The naval bombardment began at 5.15 on 25 April 1915 by the French battleships Jauréguiberry and Henri IV, the French armoured cruiser Jeanne d’Arc and the Russian cruiser Askold. The target of the bombardment was the village of Kumkale at . Kumkale is situated at the southern end of the Anatolian side of the strait. At 10.00 the first French troops (10th and 11th Senegalese companies) landed at Kumkale. In Kumkale there was only one Ottoman platoon. Towards the night the French regiment formed a bridgehead at Kumkale.

===Clashes in Kumkale===
Because of Beşige bombardment (see below), and fear of another landing in Beşige, another possible landing site to the south, most of the 11th Ottoman division was unable to deploy in Kumkale. But Lieutenant Colonel Nurettin Bey, the commander of the 39th Ottoman regiment, counterattacked two times during the night, which resulted in failure, mostly due to friendly fire.

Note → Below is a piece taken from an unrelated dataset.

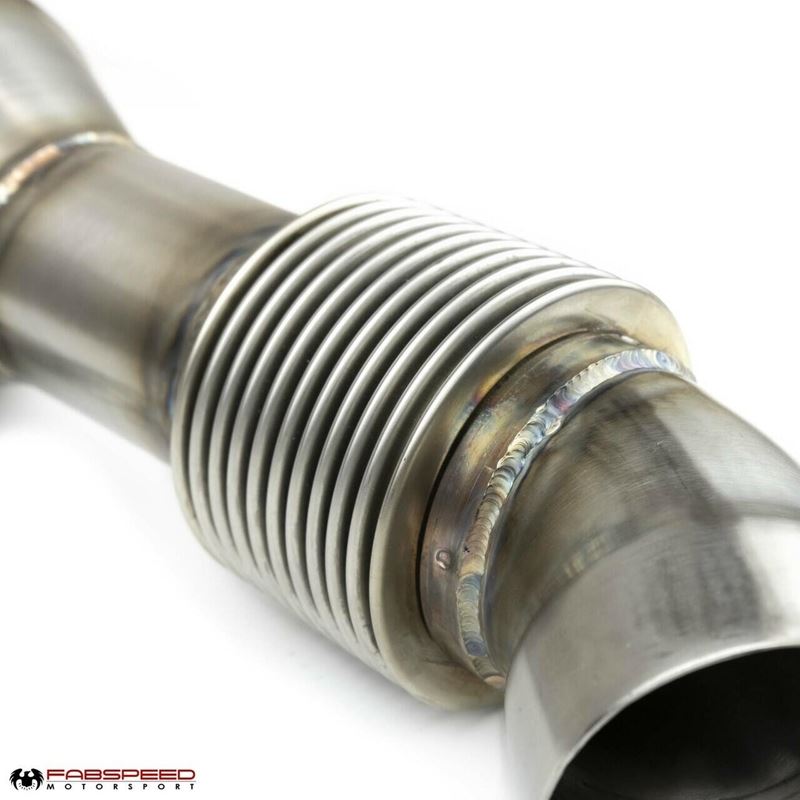 Fabspeed Toyota Supra 3.0L (A90) Sport Catalytic Converter Downpipe (20+) (FS.TOY.SUPRA.SC)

Towards the morning, 39th regiment finally defeated the French forces. The French side sued for surrender. However, during negotiations, which were hampered by the language barrier, the sun rose and the navy opened fire, resulting in heavy casualties on the Ottoman side. The Ottoman regiment withdrew to reorganise. On the other hand, after the French withdrawal from Beşige, 11th division also prepared to attack. Hamilton ordered retreat from Anatolian positions and on the night of 26/27 April, Kumkuyu was evacuated by the French forces.

===Beşige/Besika Bay===
On the night of 25/26 April, six French troop transports, with two destroyers and a torpedo boat, appeared off Besika Bay (now Beşik Bay, Çanakkale), about 10 km south of Kumkale. The warships commenced a bombardment and boats were lowered from the transports, to simulate a disembarkation. At 8:30 a.m., the cruiser Jeanne d'Arc arrived and joined in the bombardment, before the force was recalled to Bozcaada at 10:00 a.m.

==Aftermath==
===Analysis===
The Ottoman garrison was detained in the area until 27 April, although the Turkish Official Account recorded that the landings at Kum Kale and the demonstration at Besika Bay had been recognised as ruses. Transfers of troops from the Asiatic shore was delayed by lack of boats and the fear of Allied submarines, rather than apprehension about landings on the Asiatic side. It was not until 29 April, that troops from the area appeared on the Helles front. After the landings, the Ottoman commander, General Weber Pasha was criticised for being caught unprepared, poor tactics, failures of communication and leadership, although the flat terrain had made accurate bombardment from offshore much easier.

===Casualties===
Casualties of the Ottoman side (including missing) were 1,735 men and French casualties were 786.